Below are entries; copy exactly the lines from the one with "Mordió la banquina" through the one with "5bdrm Duplex in", both included, and leave out the rest.

··········

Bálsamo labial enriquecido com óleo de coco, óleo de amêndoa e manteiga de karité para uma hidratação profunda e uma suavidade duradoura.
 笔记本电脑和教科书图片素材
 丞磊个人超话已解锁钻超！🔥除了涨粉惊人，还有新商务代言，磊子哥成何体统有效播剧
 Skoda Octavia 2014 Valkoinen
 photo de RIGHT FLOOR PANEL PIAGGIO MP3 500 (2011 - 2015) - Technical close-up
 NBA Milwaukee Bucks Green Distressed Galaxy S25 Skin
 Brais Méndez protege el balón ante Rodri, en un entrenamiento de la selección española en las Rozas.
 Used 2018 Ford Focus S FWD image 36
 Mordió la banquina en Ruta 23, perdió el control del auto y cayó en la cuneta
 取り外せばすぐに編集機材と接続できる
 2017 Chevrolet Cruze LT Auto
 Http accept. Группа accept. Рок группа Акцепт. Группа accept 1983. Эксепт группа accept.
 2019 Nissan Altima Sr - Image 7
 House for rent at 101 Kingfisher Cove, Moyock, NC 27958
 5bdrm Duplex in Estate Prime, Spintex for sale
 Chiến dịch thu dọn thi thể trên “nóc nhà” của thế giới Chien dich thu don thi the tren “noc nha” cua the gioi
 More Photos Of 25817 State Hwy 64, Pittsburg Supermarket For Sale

··········

◆ Exercise solution
 Mordió la banquina en Ruta 23, perdió el control del auto y cayó en la cuneta
 取り外せばすぐに編集機材と接続できる
 2017 Chevrolet Cruze LT Auto
 Http accept. Группа accept. Рок группа Акцепт. Группа accept 1983. Эксепт группа accept.
 2019 Nissan Altima Sr - Image 7
 House for rent at 101 Kingfisher Cove, Moyock, NC 27958
 5bdrm Duplex in Estate Prime, Spintex for sale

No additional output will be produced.